State Laws Add Another Layer

Federal law sets the floor, but states can be more restrictive. Thirty-five states allow hemp-derived CBD without major conditions. The rest impose tighter controls. Delaware, Florida, and Hawaii require a medical prescription for CBD products, even hemp-derived ones with less than 0.3% THC. Idaho and Kansas only allow CBD products with zero detectable THC, not just below 0.3%. Mississippi limits CBD to medical cannabis patients with specific qualifying conditions.

This patchwork means a CBD oil you legally purchased in Colorado could technically be illegal to possess in Idaho if it contains any measurable THC at all.

The Product Purity Problem

The lack of FDA regulation creates a real-world legal risk for consumers. Without mandatory testing standards, many CBD products contain more THC than their labels claim. In a study analyzing 80 commercially available CBD products, 64% contained detectable levels of THC. Among products specifically labeled “THC-Free,” nearly one in four actually contained measurable THC.

This matters because a product that exceeds 0.3% THC is no longer legal hemp under federal law. It also matters for anyone subject to drug testing, since even small amounts of THC can accumulate with regular use.

Flying and Traveling With CBD

The TSA allows hemp-derived CBD products containing no more than 0.3% THC in both carry-on and checked bags. TSA officers don’t actively search for cannabis products, but if they discover something that appears to violate the law during a security screening, they’re required to refer it to law enforcement. The final call on whether a specific product passes through a checkpoint rests with the individual officer, and there’s no practical way for them to verify THC content on the spot.

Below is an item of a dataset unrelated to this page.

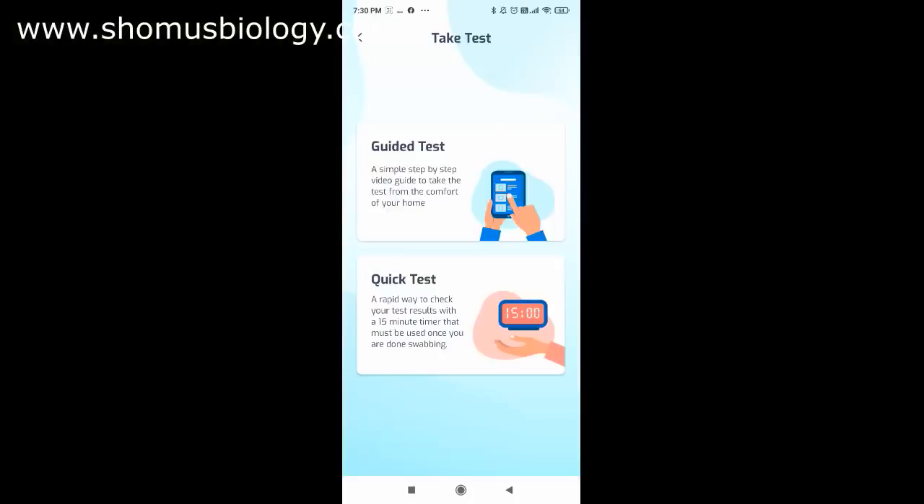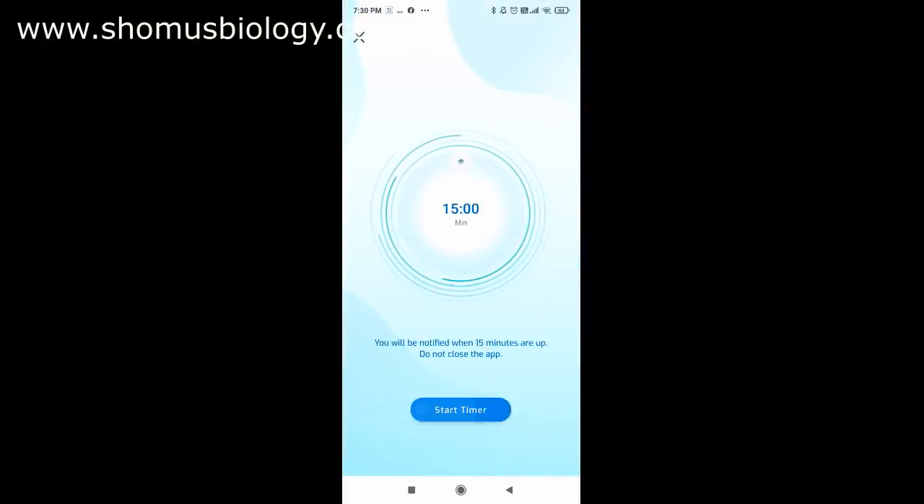I've taken the swab — everything is done. Now I'll turn on the timer in the app and click 'Start Timer.' I'm not going to hold the camera here for 15 minutes, so I'll stop the video and show you the results after the timer ends.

How Other Countries Handle CBD

The legal gray zone isn’t unique to the United States. In the United Kingdom, CBD was classified as a “novel food” in January 2019, meaning CBD food products need government authorization before they can be sold. No CBD extracts or isolates have been authorized yet, so technically every CBD food product on UK shelves exists in a regulatory limbo. The European Union applies the same novel food framework, and the European Commission hasn’t authorized any CBD food products either.

Why CBD Isn’t Simply Made Legal

The core issue is that CBD falls between two regulatory systems that weren’t designed to accommodate it. Drug scheduling law treats it as legal (when derived from hemp), but food and drug law treats it as an unapproved drug ingredient because of its pharmaceutical use in Epidiolex. Congress could resolve this by passing legislation that explicitly allows CBD in supplements and food, overriding the FDA’s exclusion rule. Several bills have been introduced to do exactly that, but none have passed.

Until that changes, CBD occupies a unique position in American law: not a controlled substance, not an approved supplement, widely sold, rarely prosecuted, and technically illegal to market in most of the forms you’ll find it on store shelves.